=== REQUIRED ACTION ===
Nothing after the line with "Industrial Wall Sconce" belongs in the copy; extract the lines below from the top through that line, pictures left out.

=== TASK MATERIAL ===

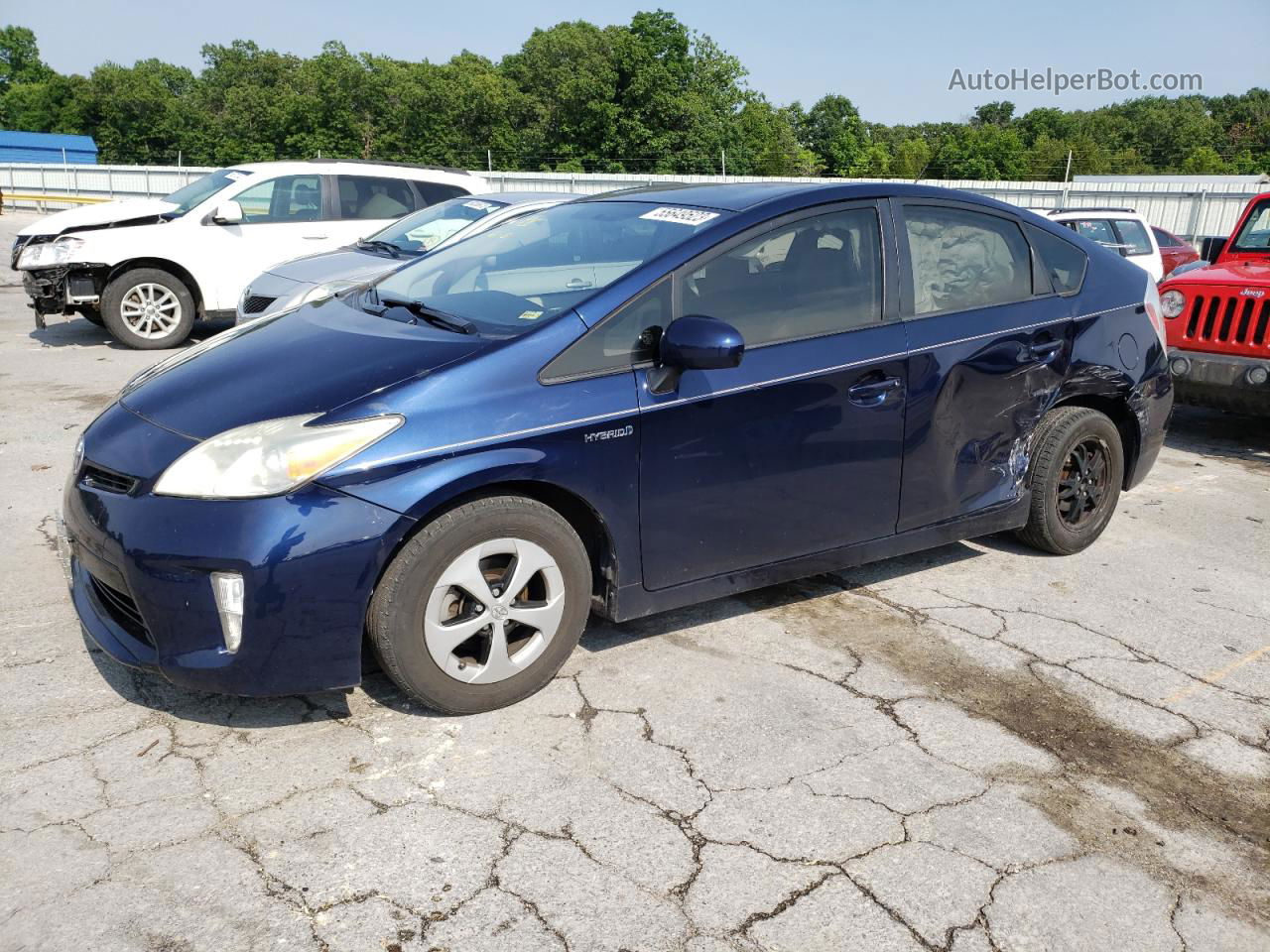 2012 Toyota Prius  Синий vin: JTDKN3DU8C1590424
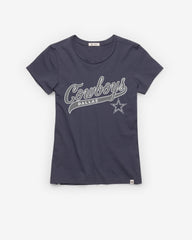 DALLAS COWBOYS TAIL SWEEP '47 FRANKIE TEE WOMENS ATLAS BLUE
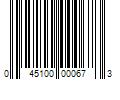 Barcode Image for UPC code 045100000673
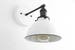 Industrial Wall Sconce - Bathroom Lighting - White Metal Shade Lamp - Vanity Wall Lights - Industrial Chic - Model No. 7026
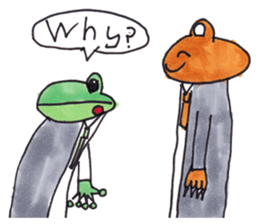 Sayaka's Froggy Bunny series sticker #13544780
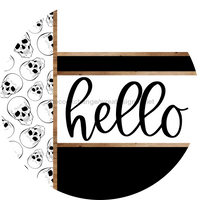 Thumbnail for Skulls Door Hanger, Hello Door Hanger, DCO-01822-DH, 18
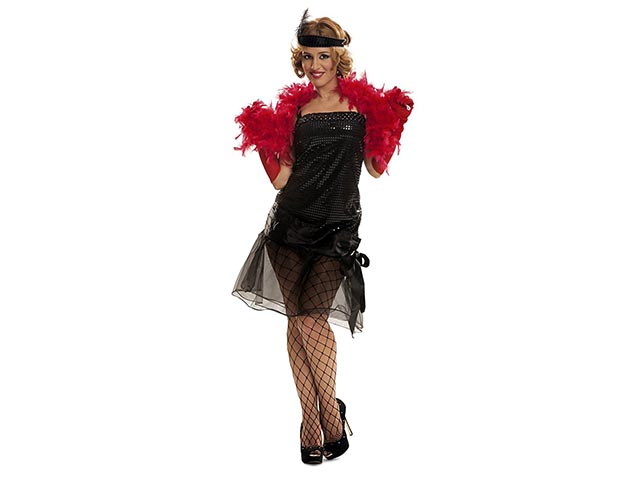 COSTUME DONNA CABARET TG.M/L 200509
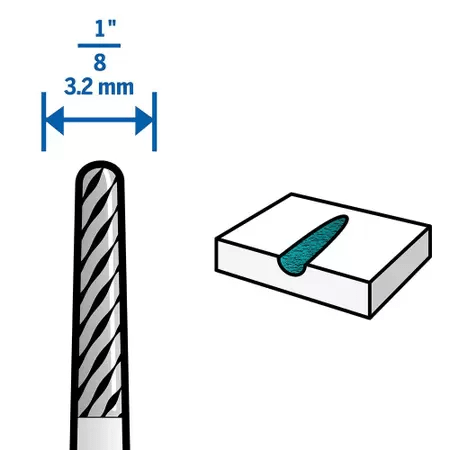 Broca Para Azulejos 1/8" 3,2Mm Dremel - 562 - 2615000562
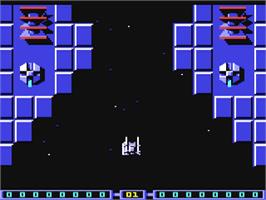 In game image of Bedlam on the Commodore 64.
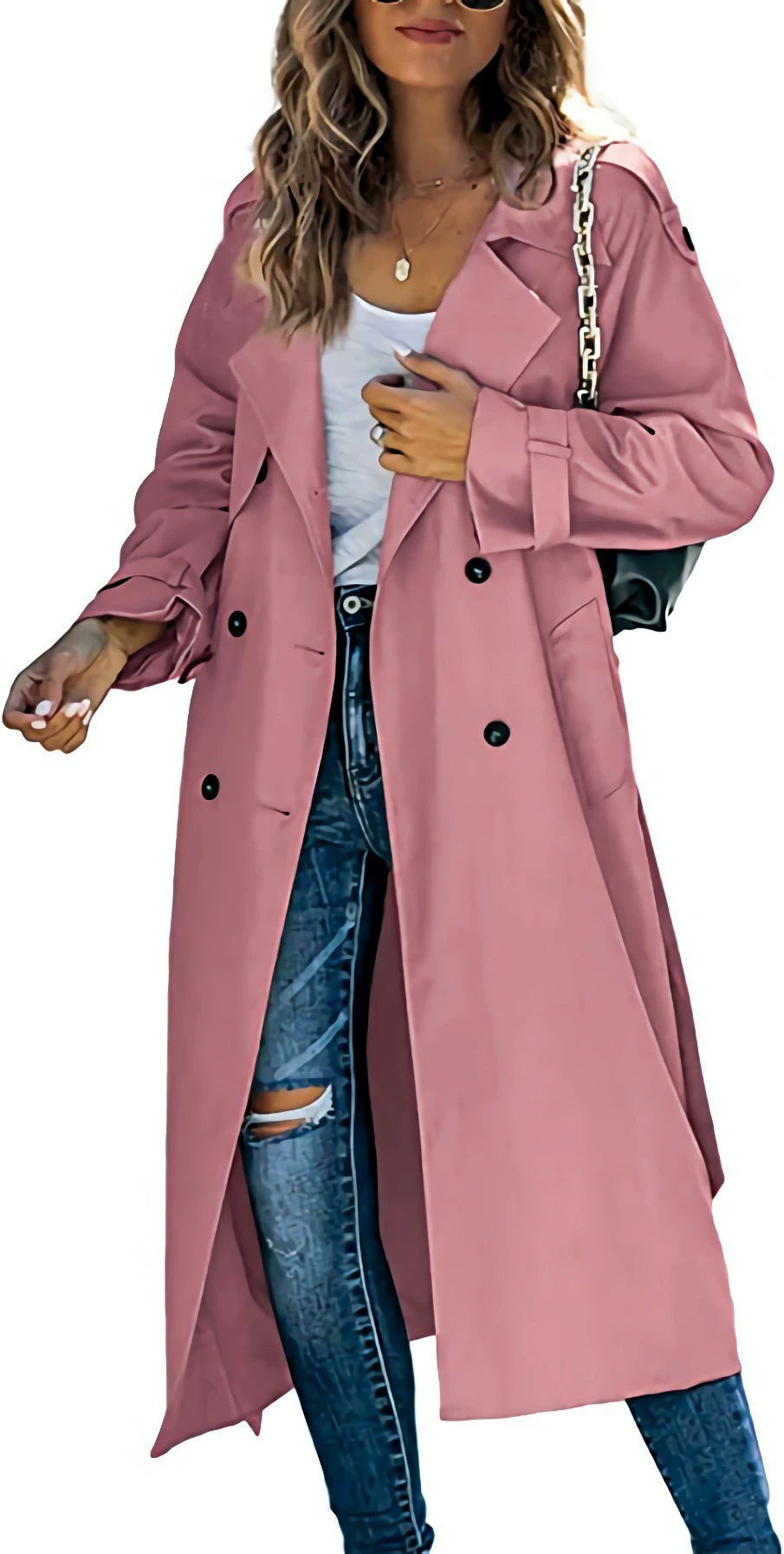 Phoebe - Windproof trench coat with long sleeves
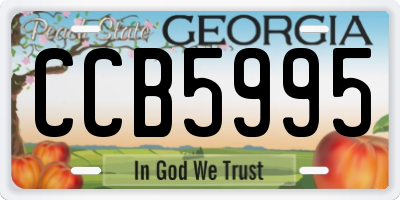 GA license plate CCB5995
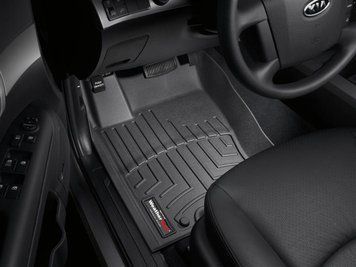 Килими автомобільні 3D Лайнери передні Kia Borrego 2009 - 2010 чорний WeatherTech 441821 441821 фото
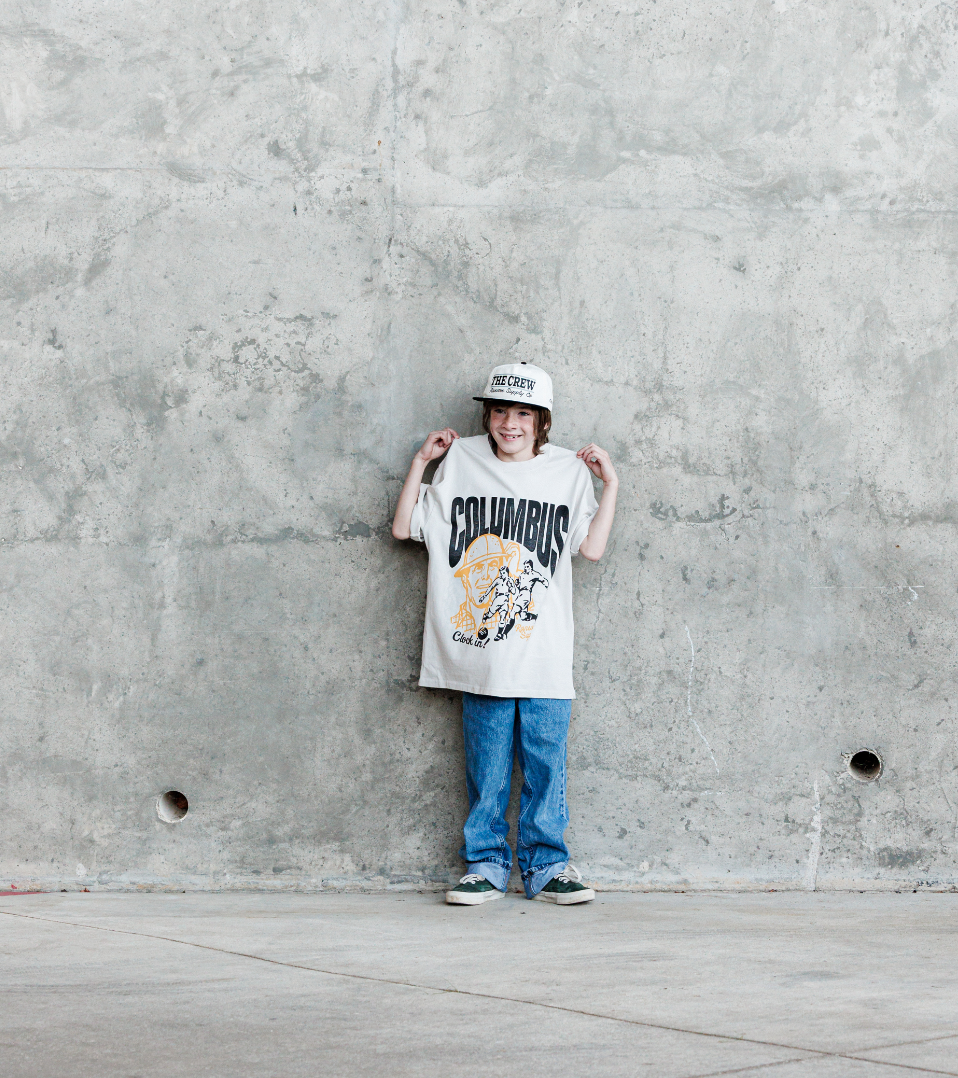 Columbus Crew Clock In Tee - Bone
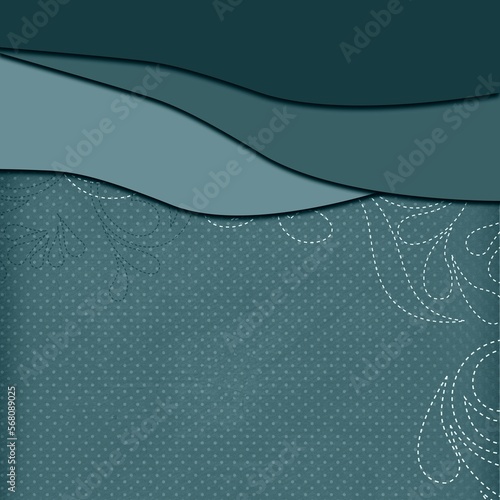 fond vert faire part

=== REPLY TO THE EXERCISE ===
 2012 Toyota Prius  Синий vin: JTDKN3DU8C1590424
 DALLAS COWBOYS TAIL SWEEP '47 FRANKIE TEE WOMENS ATLAS BLUE
 Barcode Image for UPC code 045100000673
 Industrial Wall Sconce - Bathroom Lighting - White Metal Shade Lamp - Vanity Wall Lights - Industrial Chic - Model No. 7026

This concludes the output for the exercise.